Poetic descriptions of the wind have been written in verse or prose: “Poetry is the impish attempt to paint the color of the wind!”
Watching the path of the wind in the fall when leaves skitter from a tree and across a field, or flowers in the spring create a blossom-snow. A child holds a string of the kite as it dips and bows in the wind and dreams of flying to the stars. A snowfall, so gentle, can become a blizzard whiting out the landmarks around us when the velocity of the wind increases.
The words to songs containing, ‘waving wheat’ took on new meaning when I saw the wind playing hide and seek in the field of golden wheat.
Where does the wind come from and where does it go? What is the purpose for the wind?
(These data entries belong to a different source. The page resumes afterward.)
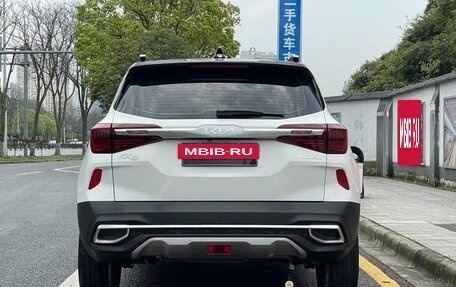 KIA Seltos I, 2023 год, 1 860 006 рублей, 5 фотография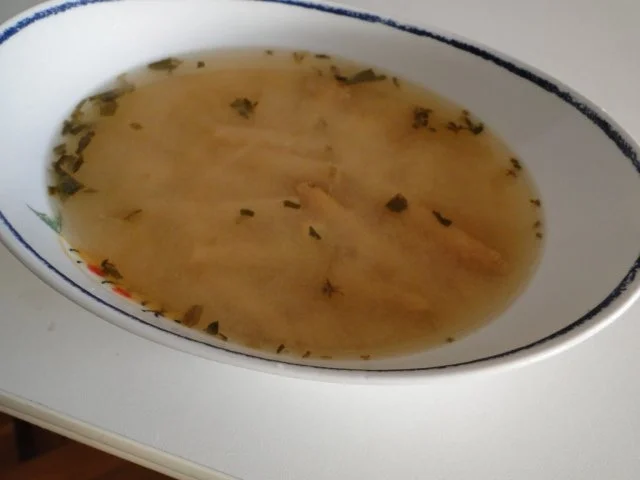 Rezept: Legiertes Spargelsüppchen, nur Abfall von meiner Schwester bekommen, keinen Spargel, Legiertes Spargelsüppchen, nur Abfall von meiner Schwester bekommen, keinen Spargel, - Rezept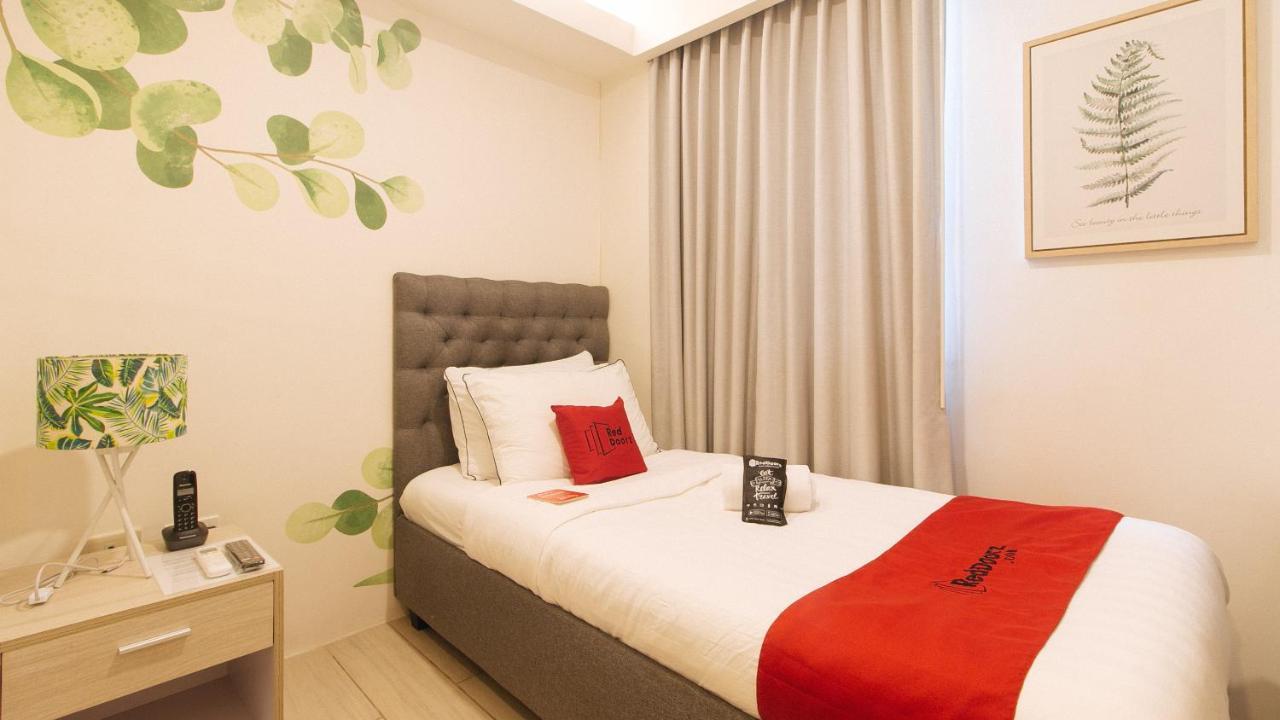 Reddoorz Plus At La Belle Residences Makati City Exterior photo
Psalm 135:7 – He makes clouds rise from the ends of the earth; he sends lightning with the rain and brings out the wind from his storehouses.
Psalm 104:4 – He makes winds his messengers, flames of fire his servants.
John 3:8 – “The wind blows where it wishes and you hear the sound of it, but do not know where it comes from and where it is going; so is everyone who is born of the Spirit.”
My friend is right. The Wind is a reminder of the Holy Spirit. It is the servant of God. We cannot see Jesus. We cannot see God. Yet, we see the effect our Lord has in our lives and in the lives of others.